Without pointing any fingers or naming names I thought it might be best to learn a little lesson from one of the many historically lame aspects of BMX, Handlebars.
These first two photo sets are some of the worst of the worst from over the years both in style and safety.
There’s a lot of them.
A snapped off bar end stuck in some one’s neck is not a fun afternoon let alone it happening on the tarmac at 75mph.
Hopefully the style speaks for itself.
The Grand Pooh-Bah of the Bad BMX bars.
This has been an issue in the BMX world but over the years there has also been those have to have bars that feel great, last and look good doing it. these are mine and many many others favorites.
1. Redline V-bars, the first bar to set the standard, late 70’s early 80’s.
2. GT BMX pro bar, 4130 Cro-Mo, 8″-28′ width, flat bend. These changed everything, well at least in my neighborhood.
3. Redline Forklifter bars, smaller than the GT bars, a little more pull back, different wall thickness in the tubes that mattered, Strong as hell.
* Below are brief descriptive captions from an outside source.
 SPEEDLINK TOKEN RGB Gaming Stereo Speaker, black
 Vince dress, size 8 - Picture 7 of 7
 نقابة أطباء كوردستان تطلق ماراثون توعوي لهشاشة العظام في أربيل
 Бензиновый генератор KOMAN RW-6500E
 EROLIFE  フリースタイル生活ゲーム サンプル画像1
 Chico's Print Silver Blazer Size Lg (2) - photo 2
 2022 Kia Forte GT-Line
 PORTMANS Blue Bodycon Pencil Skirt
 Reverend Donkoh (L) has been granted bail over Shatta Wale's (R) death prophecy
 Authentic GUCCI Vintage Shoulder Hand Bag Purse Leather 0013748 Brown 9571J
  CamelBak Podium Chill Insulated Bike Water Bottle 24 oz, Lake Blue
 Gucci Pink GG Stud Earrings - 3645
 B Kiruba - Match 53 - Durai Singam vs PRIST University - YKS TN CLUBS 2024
4. S&M Slam Bars, after all the ridiculous multi piece bars of the 80’s Chris Moellers straight forward 2 piece bar took charge and made it’s way onto every racers bike, sponsored or not just change up the stickers. A ton of street and Freestyle bikes swore by them as well. The Slam Bar still holds it own today.
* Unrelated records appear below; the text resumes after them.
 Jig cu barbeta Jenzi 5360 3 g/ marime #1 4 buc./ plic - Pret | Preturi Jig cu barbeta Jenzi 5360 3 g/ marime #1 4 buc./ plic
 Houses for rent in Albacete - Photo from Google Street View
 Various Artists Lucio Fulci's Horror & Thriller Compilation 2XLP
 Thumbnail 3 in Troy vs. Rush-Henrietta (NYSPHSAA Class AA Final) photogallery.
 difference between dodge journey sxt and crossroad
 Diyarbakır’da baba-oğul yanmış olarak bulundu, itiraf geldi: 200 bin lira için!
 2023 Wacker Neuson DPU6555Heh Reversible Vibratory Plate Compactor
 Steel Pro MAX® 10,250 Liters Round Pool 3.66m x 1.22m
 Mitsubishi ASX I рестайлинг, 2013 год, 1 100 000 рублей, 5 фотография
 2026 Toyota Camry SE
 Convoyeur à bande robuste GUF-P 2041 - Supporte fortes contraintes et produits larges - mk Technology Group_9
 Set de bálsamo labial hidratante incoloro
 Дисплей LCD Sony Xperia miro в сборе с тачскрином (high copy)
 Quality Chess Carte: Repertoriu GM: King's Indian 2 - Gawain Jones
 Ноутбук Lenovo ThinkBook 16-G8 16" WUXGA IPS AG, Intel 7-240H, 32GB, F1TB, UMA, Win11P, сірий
5. Number five is one of my personal favorites, Hoffman bikes patriot bar which I think Taj had a lot to do with and kind of made up for the 1″ love handle bars which very much hold down a spot in the first two photos. Similar to the Redline forklifter. They just felt good on my bike.
6. McGoo added Star bars to the top list & I agree they were great I had a set in 82, the star laid back seat post was quality as well, however Star Co was very short lived so they never really achieved “Industry Standard” status like they could have.
“Add GHP Star Bar to KB’s top 5. Greg Hill’s 2-piece 0.065″ wall debuted in ’82 and beat S&M’s legendary Slam Bar to the gate and trails by nearly a decade. It’s important because Voris Dixon built both bars, and he built Greg’s thick-walled, tight-radius flat, tall bar first. Now that BMX bars are on the Jenny Craig 13-butted mega diet, I share KB’s concern about failure. And since when did BMX stems stop crushing the bar at the clamping area? Remember this problem? Good trip down memory lane, Kim…“
Today there’s a ton of great bars out there mostly attributed to “rider owned” and operated companies learning from the past, it’s mistakes & making the right decisions.
I guess what I’m getting at is when your going to make or buy a set of bars maybe think of which category they fit in and wether or not there’s a chance you and one of your cables will find yourselves holding a severed bit of tubing at speed?